Work task:
Please print every record below exactly as it appears, but leave out the pictures.

Input data:
***
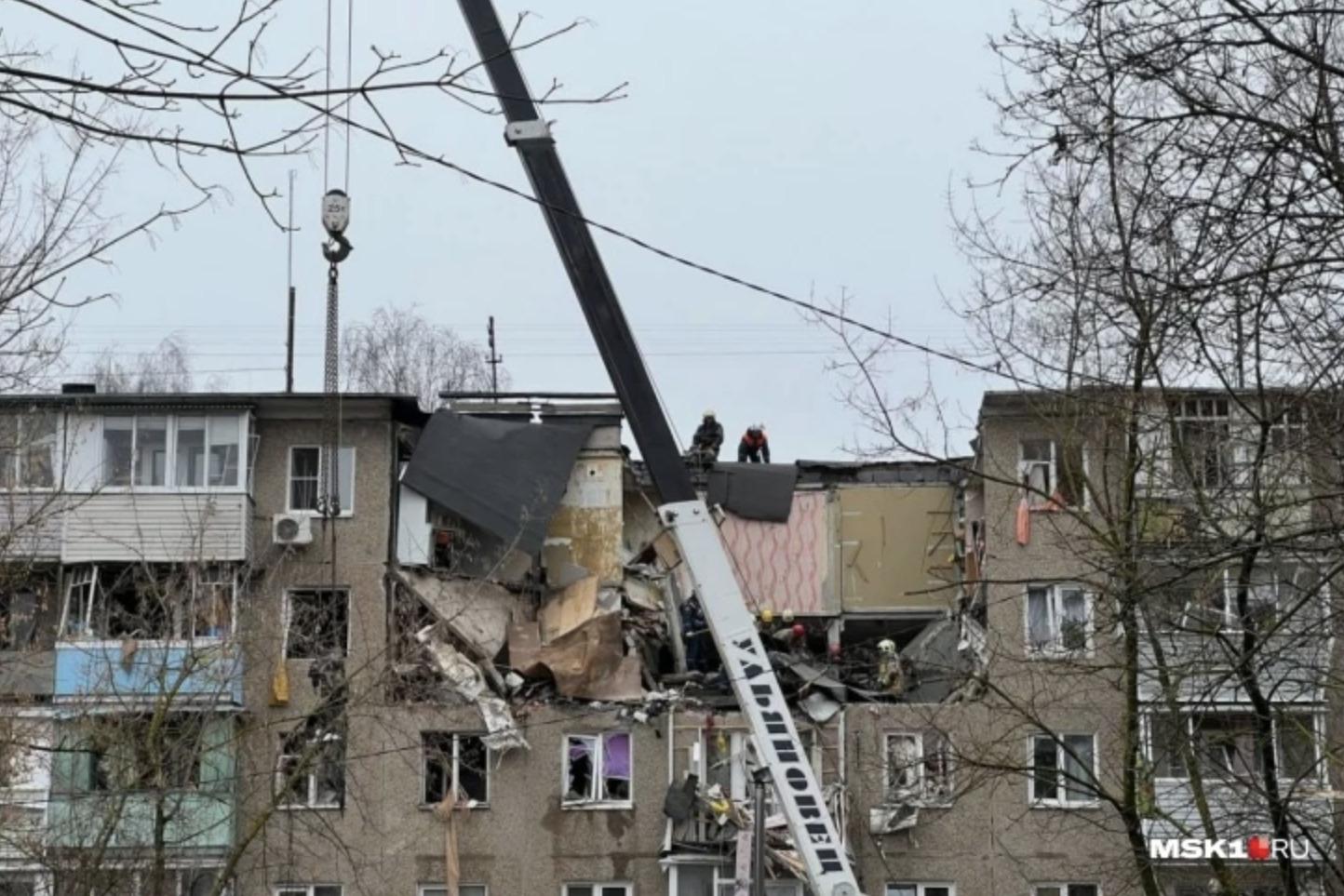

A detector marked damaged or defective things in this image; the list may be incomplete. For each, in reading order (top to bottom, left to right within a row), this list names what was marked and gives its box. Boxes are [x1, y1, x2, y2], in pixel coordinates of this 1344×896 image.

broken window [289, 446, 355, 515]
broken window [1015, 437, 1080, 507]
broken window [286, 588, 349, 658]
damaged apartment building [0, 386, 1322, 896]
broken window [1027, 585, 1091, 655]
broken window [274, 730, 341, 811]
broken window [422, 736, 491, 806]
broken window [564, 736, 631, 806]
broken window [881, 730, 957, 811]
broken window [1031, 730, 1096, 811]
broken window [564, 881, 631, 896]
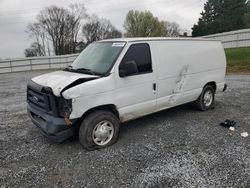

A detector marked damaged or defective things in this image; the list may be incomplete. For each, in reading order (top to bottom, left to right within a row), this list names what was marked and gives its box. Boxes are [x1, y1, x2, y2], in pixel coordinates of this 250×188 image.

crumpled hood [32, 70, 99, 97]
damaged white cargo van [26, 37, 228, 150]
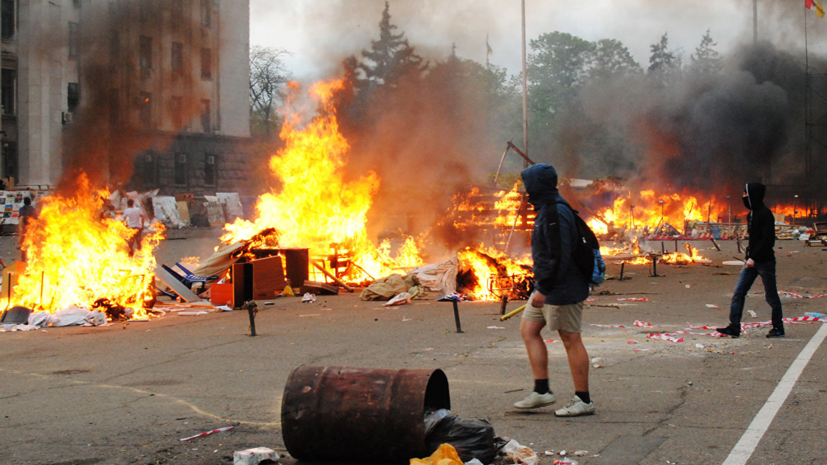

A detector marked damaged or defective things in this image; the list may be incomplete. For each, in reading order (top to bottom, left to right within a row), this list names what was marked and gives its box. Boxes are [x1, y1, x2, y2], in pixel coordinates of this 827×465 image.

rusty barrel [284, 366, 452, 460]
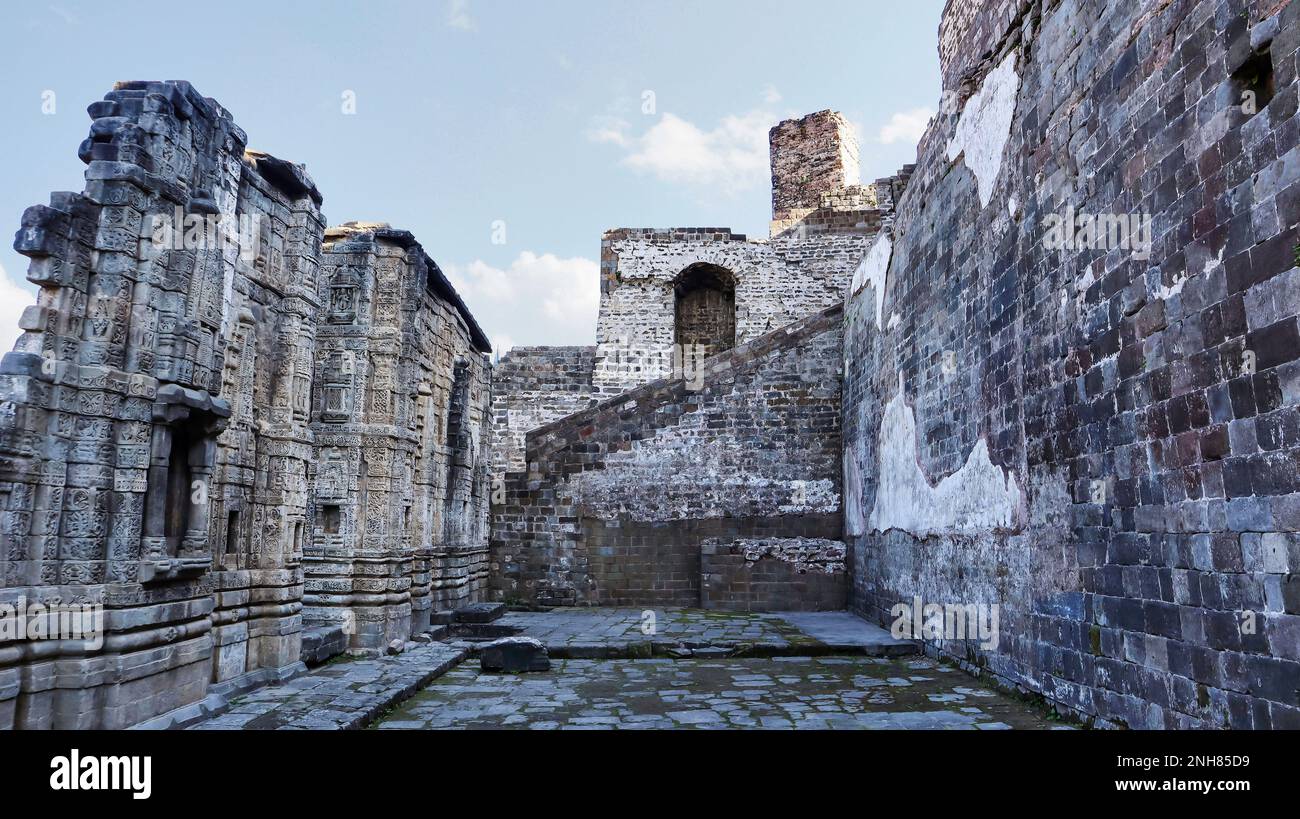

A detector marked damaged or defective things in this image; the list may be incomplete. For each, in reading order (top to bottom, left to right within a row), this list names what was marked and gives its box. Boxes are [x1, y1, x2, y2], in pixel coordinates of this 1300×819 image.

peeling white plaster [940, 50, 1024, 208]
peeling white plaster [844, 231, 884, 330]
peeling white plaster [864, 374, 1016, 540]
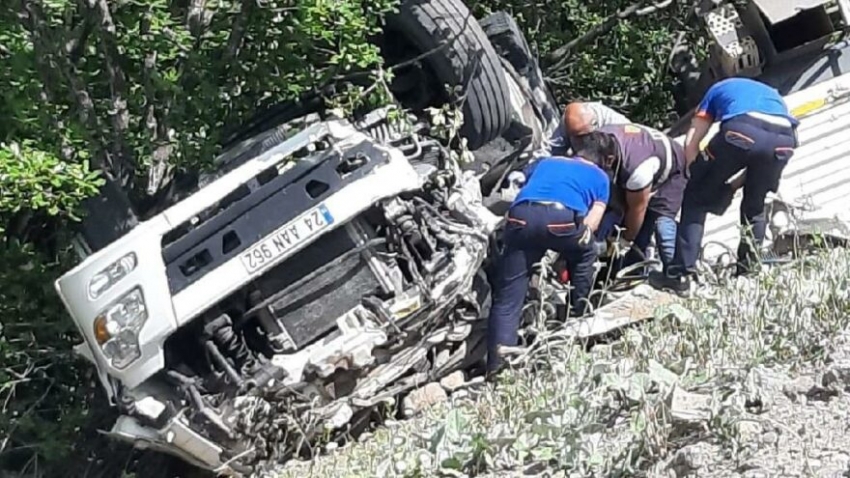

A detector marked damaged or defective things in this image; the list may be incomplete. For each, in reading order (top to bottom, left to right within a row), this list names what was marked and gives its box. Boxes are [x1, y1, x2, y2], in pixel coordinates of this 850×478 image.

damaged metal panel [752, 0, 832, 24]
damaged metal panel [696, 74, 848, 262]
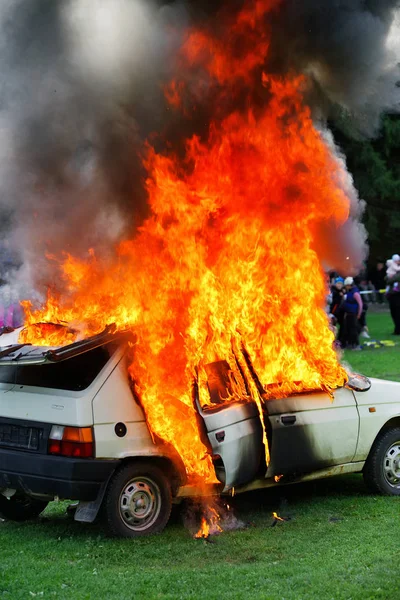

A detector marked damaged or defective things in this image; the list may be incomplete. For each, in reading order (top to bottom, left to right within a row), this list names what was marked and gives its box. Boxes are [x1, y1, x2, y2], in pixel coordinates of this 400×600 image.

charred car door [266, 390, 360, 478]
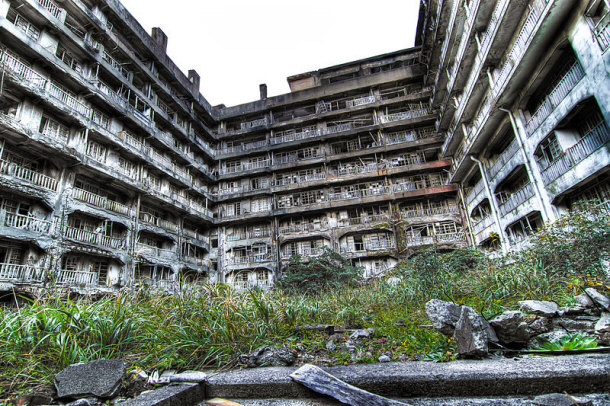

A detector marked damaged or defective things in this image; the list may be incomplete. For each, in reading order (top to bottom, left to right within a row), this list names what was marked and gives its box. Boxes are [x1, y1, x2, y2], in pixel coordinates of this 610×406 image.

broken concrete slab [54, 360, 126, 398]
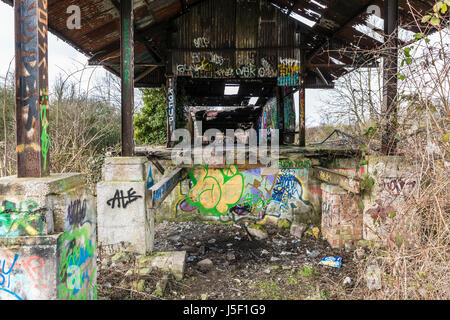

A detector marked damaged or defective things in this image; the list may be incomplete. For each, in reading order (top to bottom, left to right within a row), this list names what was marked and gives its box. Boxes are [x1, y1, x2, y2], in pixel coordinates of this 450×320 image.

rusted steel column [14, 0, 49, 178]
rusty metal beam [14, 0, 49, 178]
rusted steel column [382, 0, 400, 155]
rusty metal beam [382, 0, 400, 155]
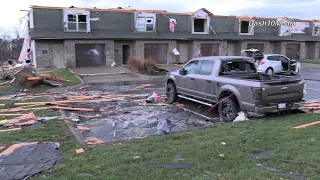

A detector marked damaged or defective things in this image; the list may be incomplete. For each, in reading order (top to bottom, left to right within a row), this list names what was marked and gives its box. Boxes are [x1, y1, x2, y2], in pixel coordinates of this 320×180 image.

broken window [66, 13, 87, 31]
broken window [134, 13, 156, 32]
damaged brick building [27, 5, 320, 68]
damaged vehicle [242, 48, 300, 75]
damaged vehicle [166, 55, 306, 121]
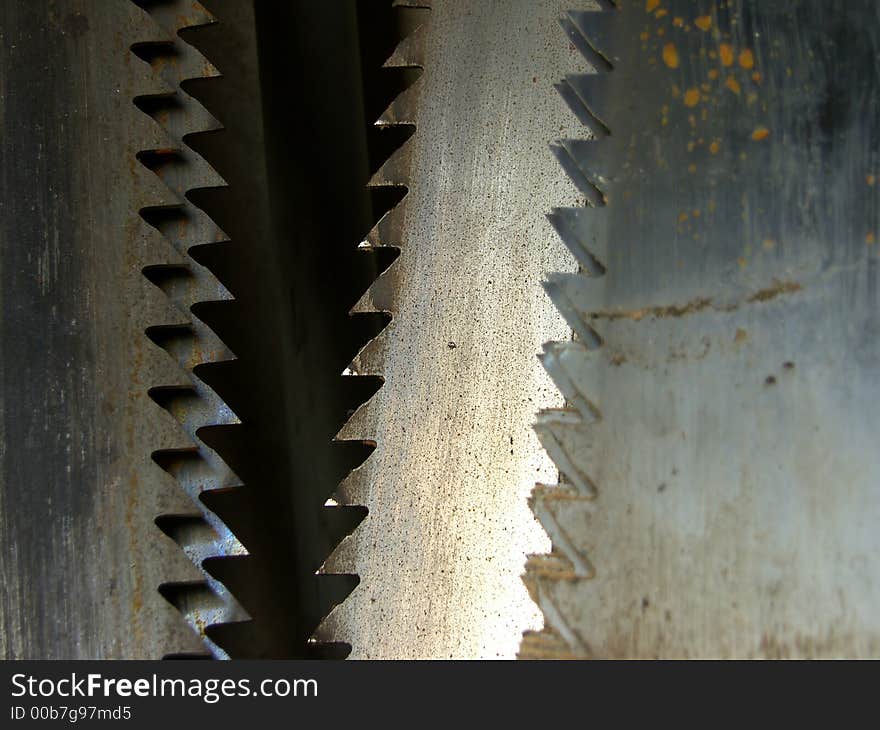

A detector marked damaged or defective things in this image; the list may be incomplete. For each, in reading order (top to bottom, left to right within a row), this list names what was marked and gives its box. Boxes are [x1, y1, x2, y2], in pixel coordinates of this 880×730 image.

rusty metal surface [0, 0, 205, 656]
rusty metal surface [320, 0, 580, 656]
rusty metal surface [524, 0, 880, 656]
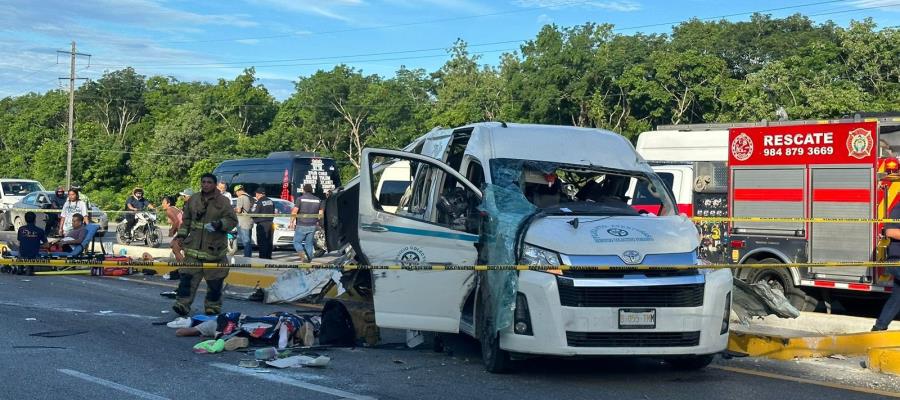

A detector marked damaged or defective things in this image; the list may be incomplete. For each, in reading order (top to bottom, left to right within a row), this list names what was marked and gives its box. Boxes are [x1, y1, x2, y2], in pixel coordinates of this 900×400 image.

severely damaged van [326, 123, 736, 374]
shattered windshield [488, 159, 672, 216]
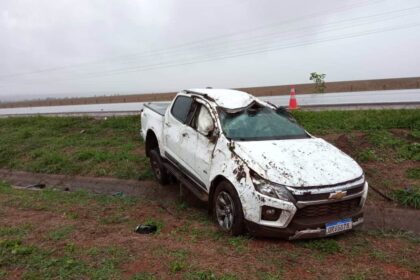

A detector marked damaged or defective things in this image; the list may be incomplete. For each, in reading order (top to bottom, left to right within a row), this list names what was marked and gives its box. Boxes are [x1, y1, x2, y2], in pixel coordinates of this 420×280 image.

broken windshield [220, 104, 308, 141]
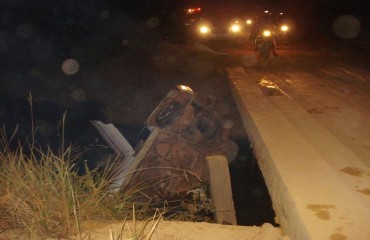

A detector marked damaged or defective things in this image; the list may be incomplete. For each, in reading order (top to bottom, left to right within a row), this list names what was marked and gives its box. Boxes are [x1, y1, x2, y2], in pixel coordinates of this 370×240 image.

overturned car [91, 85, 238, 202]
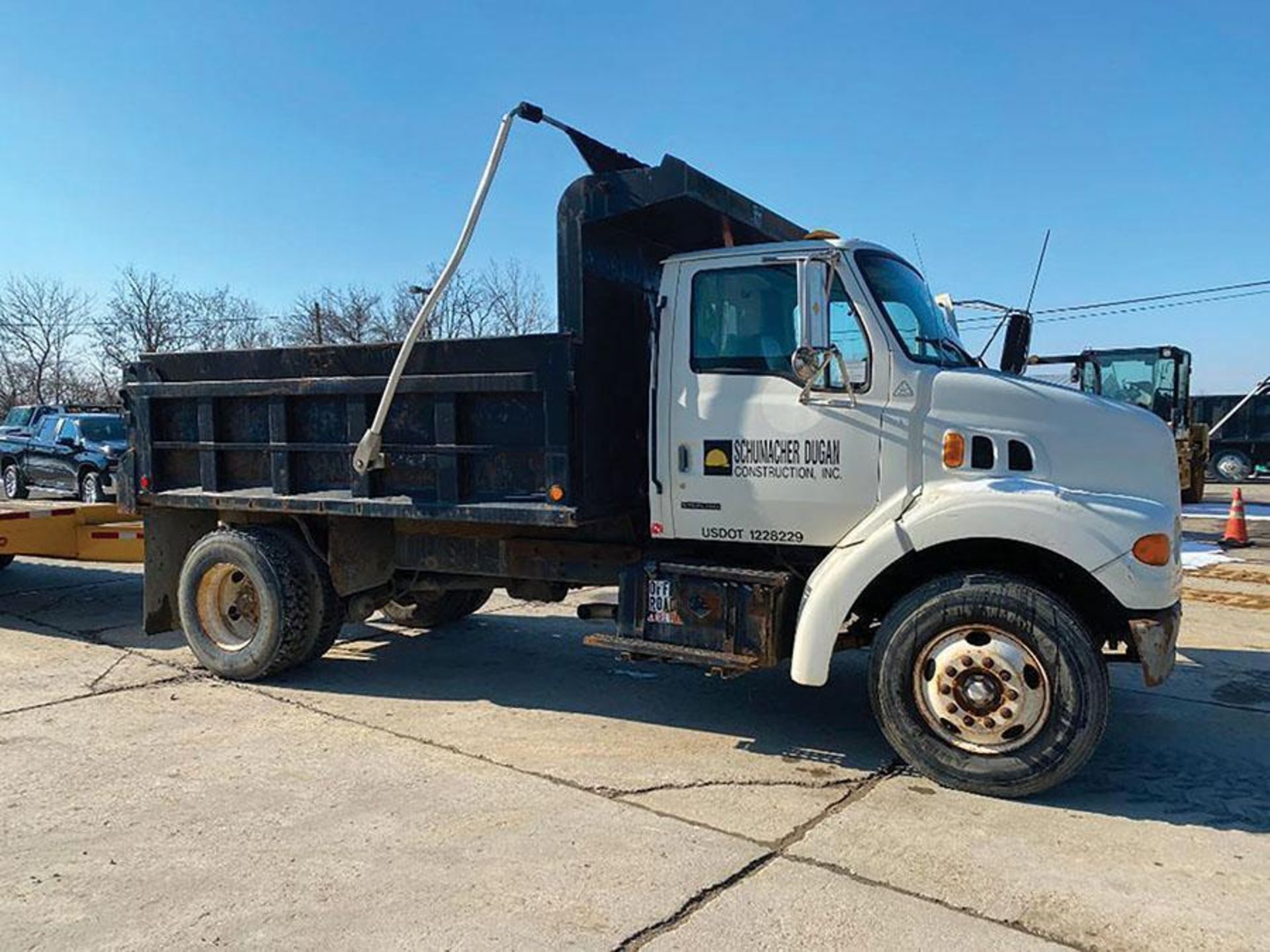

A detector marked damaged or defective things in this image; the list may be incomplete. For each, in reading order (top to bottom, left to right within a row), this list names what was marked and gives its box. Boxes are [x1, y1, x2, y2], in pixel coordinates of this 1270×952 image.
***
Task answer:
A detector marked damaged or defective things in this image; the list may be incomplete. For each, in reading order (top to bottom, left to right within a row), this list names what was marked and gives its box. Boxes are [x1, y1, x2, y2], in pixel coordinates of this 1344×896 image.

broken window [289, 446, 355, 515]
broken window [1015, 437, 1080, 507]
broken window [286, 588, 349, 658]
damaged apartment building [0, 386, 1322, 896]
broken window [1027, 585, 1091, 655]
broken window [274, 730, 341, 811]
broken window [422, 736, 491, 806]
broken window [564, 736, 631, 806]
broken window [881, 730, 957, 811]
broken window [1031, 730, 1096, 811]
broken window [564, 881, 631, 896]

A detector marked damaged or defective things in this image; the list may be incomplete. For each, in reading order (top to bottom, left to right within a row), this list names what was marked and gives its box. Boxes are [x1, y1, x2, y2], in pixel coordinates of this 250×188 image.

crumpled hood [32, 70, 99, 97]
damaged white cargo van [26, 37, 228, 150]

A detector marked damaged or defective things in this image; the list may be incomplete. For each, in reading order (top to bottom, left to right within a row), this list names what was marked and gives its box. Boxes are [x1, y1, x2, y2], in pixel coordinates of this 827×465 image.

rusty barrel [284, 366, 452, 460]

A detector marked damaged or defective things in this image; the list may be incomplete. For each, in reading order (top to bottom, left to right within a row), this list names what was marked and gives its box. Boxes are [x1, y1, x2, y2], in pixel coordinates of this 1300×819 image.

peeling white plaster [940, 50, 1024, 208]
peeling white plaster [844, 231, 884, 330]
peeling white plaster [864, 374, 1016, 540]

A detector marked damaged or defective things in this image; the list may be incomplete. For each, in reading order (top to bottom, left to right within a row), this list names what was marked and gives its box. Boxes are [x1, y1, x2, y2], in pixel coordinates of this 850×478 image.

damaged metal panel [752, 0, 832, 24]
damaged metal panel [696, 74, 848, 262]

A detector marked damaged or defective things in this image; the list may be incomplete. For each, in reading order (top to bottom, left to right within a row), this list names what was marked and gives its box. Boxes are [x1, y1, x2, y2], in pixel coordinates of this 400×600 image.

charred car door [266, 390, 360, 478]

A detector marked damaged or defective things in this image; the list may be incomplete. For each, in reading order (top to bottom, left to right within a row), this list names what was marked and gives its box. Boxes are [x1, y1, x2, y2], in pixel coordinates of this 610×406 image.

broken concrete slab [54, 360, 126, 398]

A detector marked damaged or defective things in this image; the list may be incomplete. For each, in reading order (top to bottom, left to right within a row), this list names what was marked and gives its box. Boxes are [x1, y1, x2, y2], in pixel coordinates of this 450×320 image.

rusted steel column [14, 0, 49, 178]
rusty metal beam [14, 0, 49, 178]
rusted steel column [382, 0, 400, 155]
rusty metal beam [382, 0, 400, 155]

A detector marked damaged or defective things in this image; the list may be incomplete. For each, in reading order (top to bottom, left to right within a row), this list names what was marked and gives its box. Boxes are [x1, y1, x2, y2], in pixel coordinates of this 320×180 image.

broken window [66, 13, 87, 31]
broken window [134, 13, 156, 32]
damaged brick building [27, 5, 320, 68]
damaged vehicle [242, 48, 300, 75]
damaged vehicle [166, 55, 306, 121]

A detector marked damaged or defective things in this image; the list may be incomplete. For each, in reading order (top to bottom, left to right within a row), this list names what was marked and gives its box. Boxes are [x1, y1, x2, y2], in pixel coordinates of this 880×730 image.

rusty metal surface [0, 0, 205, 656]
rusty metal surface [320, 0, 580, 656]
rusty metal surface [524, 0, 880, 656]

A detector marked damaged or defective things in this image; the list may be incomplete. For each, in reading order (top to bottom, left to right within a row), this list names what was marked and gives its box. Boxes are [x1, y1, x2, y2], in pixel coordinates of this 900×400 image.

severely damaged van [326, 123, 736, 374]
shattered windshield [488, 159, 672, 216]

A detector marked damaged or defective things in this image; the list may be incomplete. For each, in reading order (top to bottom, left to right within a row), this list names what was marked and gives its box. Boxes are [x1, y1, x2, y2], in pixel coordinates of this 420×280 image.

broken windshield [220, 104, 308, 141]

A detector marked damaged or defective things in this image; the list may be incomplete. For each, in reading order (top to bottom, left to right within a row), this list names what was marked and gives its box. Boxes are [x1, y1, x2, y2], in pixel coordinates of this 370×240 image.

overturned car [91, 85, 238, 202]

A detector marked damaged or defective things in this image; the list may be incomplete. For each, in reading order (top to bottom, left to right within a row), this list names what was marked and gives its box. Boxes are [x1, y1, x2, y2], in pixel coordinates of this 1270×952 image.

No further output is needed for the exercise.